Using property change events can be helpful in more complex web applications frameworks like React or Angular where certain component properties use some type of binding mechanism update property values automatically and the developer can not anticipate all of the logic flow that would potentially update a property value. In these cases, using the onChange watcher to listen for these property changes gives the developer a robust means for responding to component property changes that could come from multiple sources.

Component Lifecycle Events

Each Vizuly component follows a universal and discrete set of component lifecycle events from initial creation, rendering, and decoupling/destruction of the component. Below is a list of these lifecycle events that can be intercepted by the developer.

Vizuly Component Lifecycle

  1. Initialize: var viz = vizuly2.viz.BarChart(parentDomElement)
  2. Update: viz.update() when update is called the following methods are triggered internally.
    1. component.validate()
    2. component.measure()
    3. component.update()
    4. component.applyStyles()
  3. Destroy: viz.destroy()

The associated events which can also be captured using the viz.on syntax are initialized, validated, measured, updated and styled. Note, there is no event emited for viz.destroy() as the component becomes decoupled and garbage collected.

Sometimes it is helpful to intercept these events and override some of the properties and values that the component is acting upon. For instance, a common use case can be altering the automatically calculated scales used in rendering a chart. For instance, the Bar Chart component automatically sets the minimum value used for the x axis scale domain as '0' and the maximum value as the highest value of all datums across all series. But perhaps, instead of wanting to use these automated values for the x axis, you may want to set it your own. Since the measure() method is responsible for calculating scales we will intercept this event and modify the Bar Charts x-scale on the fly.

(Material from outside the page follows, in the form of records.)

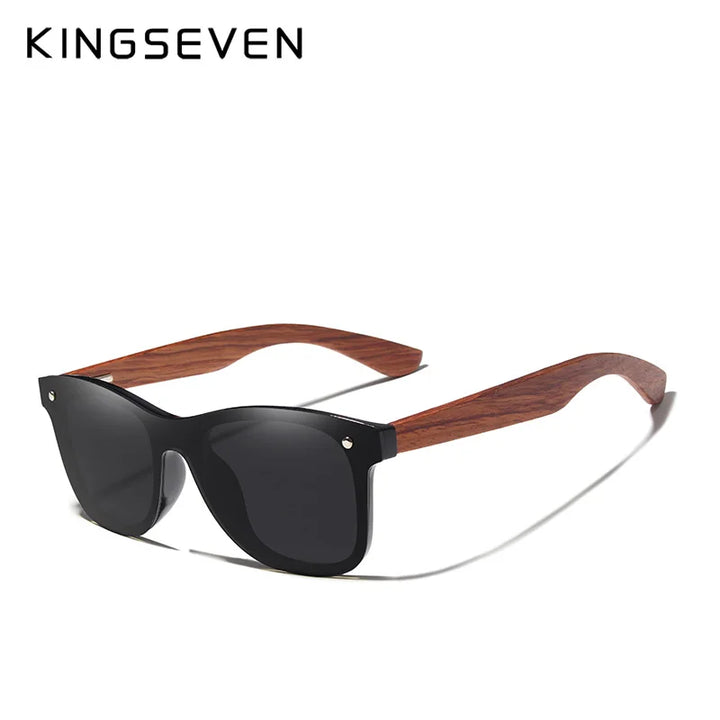 Kingseven Unisex Rimless Square Wood Polarized Sunglasses Nb5504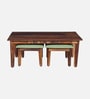 Avilys Sheesham Wood Nesting Coffee Table Set in Provincial Teak Finish With 2 Stools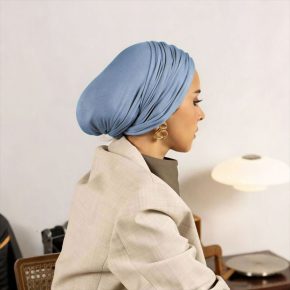 New solid color mercerized cotton headscarf for women, fashionable versatile pullover hat, breathable sun protection wrap head base cap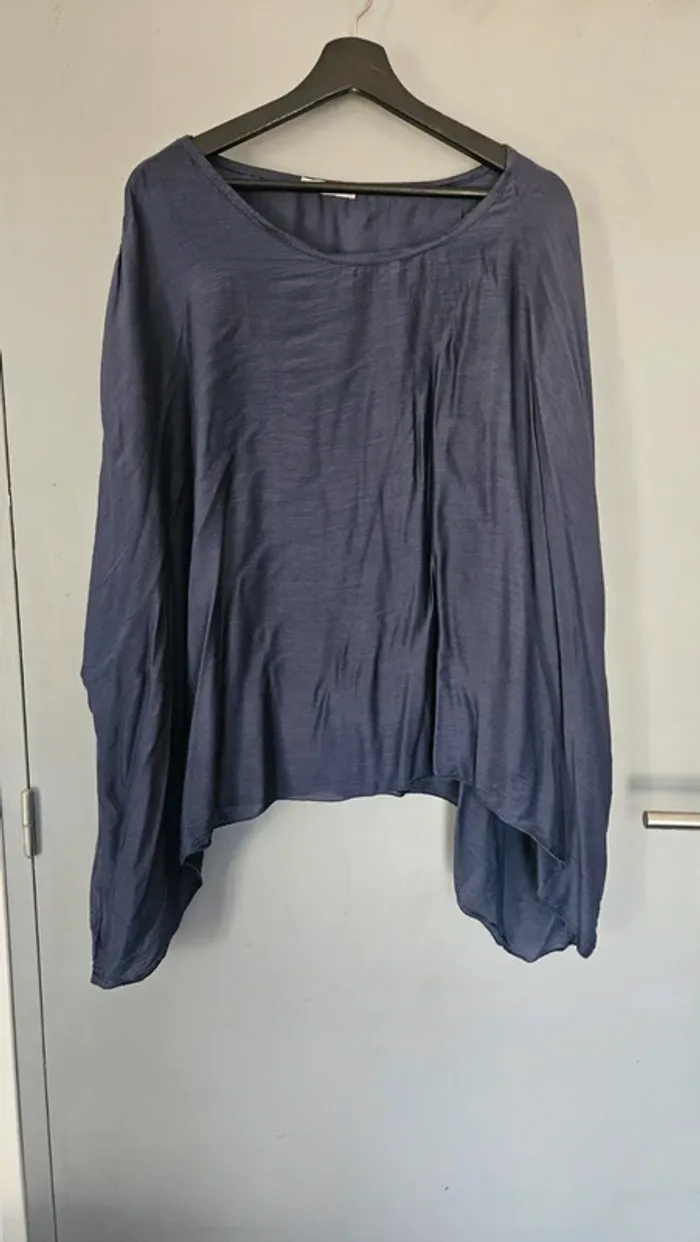 Tunique ample manches chauve-souris marine coton soie viscose- Taille unique 42/48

 viz.on('measured',function () { viz.xScale().domain([50,5000]); })

In this code, we listen on the measured event and then used the Bar Chart's publicly accessible xScale property to reset the scales domain. You will notice that when we reference the public property viz.xScale() we use the () to access its current value. The result of this operation can be seen below where we have extended the scales range to be between 50 and 5000.

Vizuly Bar Chart Measure

Intercepting component lifecycle events and updating internal component properties is a more advanced technique, and in some cases could be considered an 'anti-pattern' as it requires you to have advanced knowledge of how the component uses internal properties and this violates many Object Oriented design patterns such as Encapsulation and Single Responsiblity Principle. The advantage of this technique though, is that it allows you to handle un-anticipated use cases without having to modify the source code of a given component with conditional code to handle your unique use case. By using this design pattern it allows you to keep the implementation specific details of your modification external to the core component and closer to the code that requires these modifications. So instead of creating three different versions of a Bar Chart that modify the measure() code to handle your unique scale requirements, you can leverage one version of the Bar Chart, and have three different implementations that intercept the measured event to apply your unique scale logic.